### Dataset records
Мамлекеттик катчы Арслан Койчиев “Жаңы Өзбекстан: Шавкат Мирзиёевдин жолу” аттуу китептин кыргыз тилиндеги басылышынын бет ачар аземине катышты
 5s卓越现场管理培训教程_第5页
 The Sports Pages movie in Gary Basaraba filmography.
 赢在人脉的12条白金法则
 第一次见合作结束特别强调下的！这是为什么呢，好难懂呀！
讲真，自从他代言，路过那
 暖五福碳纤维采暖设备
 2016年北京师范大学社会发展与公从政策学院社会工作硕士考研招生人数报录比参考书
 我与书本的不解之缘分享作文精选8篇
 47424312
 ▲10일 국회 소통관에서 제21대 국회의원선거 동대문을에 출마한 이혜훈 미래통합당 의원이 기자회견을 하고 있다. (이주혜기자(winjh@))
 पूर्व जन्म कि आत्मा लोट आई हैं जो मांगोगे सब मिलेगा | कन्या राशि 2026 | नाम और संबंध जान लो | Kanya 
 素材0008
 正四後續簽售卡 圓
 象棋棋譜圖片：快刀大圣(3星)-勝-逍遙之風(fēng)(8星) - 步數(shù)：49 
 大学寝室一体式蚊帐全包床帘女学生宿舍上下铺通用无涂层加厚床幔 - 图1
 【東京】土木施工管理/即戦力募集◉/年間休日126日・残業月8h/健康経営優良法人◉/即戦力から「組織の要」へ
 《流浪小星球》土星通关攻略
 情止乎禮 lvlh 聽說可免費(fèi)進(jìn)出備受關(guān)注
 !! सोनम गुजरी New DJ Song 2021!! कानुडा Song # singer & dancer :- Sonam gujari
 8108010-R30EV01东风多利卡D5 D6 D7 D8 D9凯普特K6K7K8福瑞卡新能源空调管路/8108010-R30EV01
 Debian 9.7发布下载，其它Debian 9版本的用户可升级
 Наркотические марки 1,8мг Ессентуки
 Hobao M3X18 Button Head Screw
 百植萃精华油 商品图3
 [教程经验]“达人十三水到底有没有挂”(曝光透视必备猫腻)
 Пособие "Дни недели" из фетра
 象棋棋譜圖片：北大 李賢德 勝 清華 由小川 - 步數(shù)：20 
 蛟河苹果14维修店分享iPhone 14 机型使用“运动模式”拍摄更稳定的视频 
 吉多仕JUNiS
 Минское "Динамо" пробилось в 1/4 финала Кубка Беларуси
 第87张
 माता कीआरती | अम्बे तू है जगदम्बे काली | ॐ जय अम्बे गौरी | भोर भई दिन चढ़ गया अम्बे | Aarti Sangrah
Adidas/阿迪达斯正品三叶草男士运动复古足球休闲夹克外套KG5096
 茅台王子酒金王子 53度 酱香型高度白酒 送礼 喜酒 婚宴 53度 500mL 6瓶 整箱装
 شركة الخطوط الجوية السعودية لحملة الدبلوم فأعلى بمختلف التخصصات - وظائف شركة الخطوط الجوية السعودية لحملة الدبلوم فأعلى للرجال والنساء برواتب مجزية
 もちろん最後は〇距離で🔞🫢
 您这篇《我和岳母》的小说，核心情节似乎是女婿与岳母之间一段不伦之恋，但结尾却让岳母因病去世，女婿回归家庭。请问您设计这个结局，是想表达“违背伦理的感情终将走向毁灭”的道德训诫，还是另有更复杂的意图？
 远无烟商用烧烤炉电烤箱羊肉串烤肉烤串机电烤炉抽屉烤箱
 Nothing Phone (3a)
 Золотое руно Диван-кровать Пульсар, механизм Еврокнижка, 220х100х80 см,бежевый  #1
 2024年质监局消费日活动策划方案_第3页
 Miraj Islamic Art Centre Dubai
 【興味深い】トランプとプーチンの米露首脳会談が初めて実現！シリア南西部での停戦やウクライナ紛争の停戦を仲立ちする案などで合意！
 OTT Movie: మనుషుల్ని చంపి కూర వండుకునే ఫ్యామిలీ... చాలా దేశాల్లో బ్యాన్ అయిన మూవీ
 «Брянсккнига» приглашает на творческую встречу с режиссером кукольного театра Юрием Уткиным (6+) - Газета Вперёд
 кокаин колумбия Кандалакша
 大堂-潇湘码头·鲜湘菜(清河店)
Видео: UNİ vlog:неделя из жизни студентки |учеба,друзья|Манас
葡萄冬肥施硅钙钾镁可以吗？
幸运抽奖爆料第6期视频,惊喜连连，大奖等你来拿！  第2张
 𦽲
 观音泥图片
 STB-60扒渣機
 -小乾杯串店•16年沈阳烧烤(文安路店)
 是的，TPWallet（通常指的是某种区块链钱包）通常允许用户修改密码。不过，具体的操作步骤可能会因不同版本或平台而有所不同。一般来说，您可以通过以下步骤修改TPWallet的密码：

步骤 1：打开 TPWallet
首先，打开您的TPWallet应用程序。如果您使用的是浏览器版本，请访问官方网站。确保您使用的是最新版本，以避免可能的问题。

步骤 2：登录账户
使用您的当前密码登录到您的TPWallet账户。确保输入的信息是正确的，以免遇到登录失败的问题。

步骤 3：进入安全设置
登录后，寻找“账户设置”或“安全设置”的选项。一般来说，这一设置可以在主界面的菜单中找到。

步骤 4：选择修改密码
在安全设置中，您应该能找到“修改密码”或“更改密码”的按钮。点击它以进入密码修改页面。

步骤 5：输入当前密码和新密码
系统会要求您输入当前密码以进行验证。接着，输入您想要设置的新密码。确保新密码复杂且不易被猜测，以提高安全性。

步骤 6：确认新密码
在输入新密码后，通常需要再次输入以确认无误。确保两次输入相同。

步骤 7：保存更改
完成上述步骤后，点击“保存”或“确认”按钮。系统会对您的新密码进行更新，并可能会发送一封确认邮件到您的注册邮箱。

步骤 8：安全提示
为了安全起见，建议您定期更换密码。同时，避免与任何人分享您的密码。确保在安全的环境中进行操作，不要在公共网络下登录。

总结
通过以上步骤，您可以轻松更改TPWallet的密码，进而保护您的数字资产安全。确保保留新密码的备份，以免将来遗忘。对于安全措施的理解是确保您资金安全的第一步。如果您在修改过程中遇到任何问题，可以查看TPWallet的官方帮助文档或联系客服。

### Goal of the exercise
Please return exactly the lines from the first line of the material through the one with "- Газета Вперёд", and no lines after it.

### Solution for this problem
Мамлекеттик катчы Арслан Койчиев “Жаңы Өзбекстан: Шавкат Мирзиёевдин жолу” аттуу китептин кыргыз тилиндеги басылышынын бет ачар аземине катышты
 5s卓越现场管理培训教程_第5页
 The Sports Pages movie in Gary Basaraba filmography.
 赢在人脉的12条白金法则
 第一次见合作结束特别强调下的！这是为什么呢，好难懂呀！
讲真，自从他代言，路过那
 暖五福碳纤维采暖设备
 2016年北京师范大学社会发展与公从政策学院社会工作硕士考研招生人数报录比参考书
 我与书本的不解之缘分享作文精选8篇
 47424312
 ▲10일 국회 소통관에서 제21대 국회의원선거 동대문을에 출마한 이혜훈 미래통합당 의원이 기자회견을 하고 있다. (이주혜기자(winjh@))
 पूर्व जन्म कि आत्मा लोट आई हैं जो मांगोगे सब मिलेगा | कन्या राशि 2026 | नाम और संबंध जान लो | Kanya 
 素材0008
 正四後續簽售卡 圓
 象棋棋譜圖片：快刀大圣(3星)-勝-逍遙之風(fēng)(8星) - 步數(shù)：49 
 大学寝室一体式蚊帐全包床帘女学生宿舍上下铺通用无涂层加厚床幔 - 图1
 【東京】土木施工管理/即戦力募集◉/年間休日126日・残業月8h/健康経営優良法人◉/即戦力から「組織の要」へ
 《流浪小星球》土星通关攻略
 情止乎禮 lvlh 聽說可免費(fèi)進(jìn)出備受關(guān)注
 !! सोनम गुजरी New DJ Song 2021!! कानुडा Song # singer & dancer :- Sonam gujari
 8108010-R30EV01东风多利卡D5 D6 D7 D8 D9凯普特K6K7K8福瑞卡新能源空调管路/8108010-R30EV01
 Debian 9.7发布下载，其它Debian 9版本的用户可升级
 Наркотические марки 1,8мг Ессентуки
 Hobao M3X18 Button Head Screw
 百植萃精华油 商品图3
 [教程经验]“达人十三水到底有没有挂”(曝光透视必备猫腻)
 Пособие "Дни недели" из фетра
 象棋棋譜圖片：北大 李賢德 勝 清華 由小川 - 步數(shù)：20 
 蛟河苹果14维修店分享iPhone 14 机型使用“运动模式”拍摄更稳定的视频 
 吉多仕JUNiS
 Минское "Динамо" пробилось в 1/4 финала Кубка Беларуси
 第87张
 माता कीआरती | अम्बे तू है जगदम्बे काली | ॐ जय अम्बे गौरी | भोर भई दिन चढ़ गया अम्बे | Aarti Sangrah
Adidas/阿迪达斯正品三叶草男士运动复古足球休闲夹克外套KG5096
 茅台王子酒金王子 53度 酱香型高度白酒 送礼 喜酒 婚宴 53度 500mL 6瓶 整箱装
 شركة الخطوط الجوية السعودية لحملة الدبلوم فأعلى بمختلف التخصصات - وظائف شركة الخطوط الجوية السعودية لحملة الدبلوم فأعلى للرجال والنساء برواتب مجزية
 もちろん最後は〇距離で🔞🫢
 您这篇《我和岳母》的小说，核心情节似乎是女婿与岳母之间一段不伦之恋，但结尾却让岳母因病去世，女婿回归家庭。请问您设计这个结局，是想表达“违背伦理的感情终将走向毁灭”的道德训诫，还是另有更复杂的意图？
 远无烟商用烧烤炉电烤箱羊肉串烤肉烤串机电烤炉抽屉烤箱
 Nothing Phone (3a)
 Золотое руно Диван-кровать Пульсар, механизм Еврокнижка, 220х100х80 см,бежевый  #1
 2024年质监局消费日活动策划方案_第3页
 Miraj Islamic Art Centre Dubai
 【興味深い】トランプとプーチンの米露首脳会談が初めて実現！シリア南西部での停戦やウクライナ紛争の停戦を仲立ちする案などで合意！
 OTT Movie: మనుషుల్ని చంపి కూర వండుకునే ఫ్యామిలీ... చాలా దేశాల్లో బ్యాన్ అయిన మూవీ
 «Брянсккнига» приглашает на творческую встречу с режиссером кукольного театра Юрием Уткиным (6+) - Газета Вперёд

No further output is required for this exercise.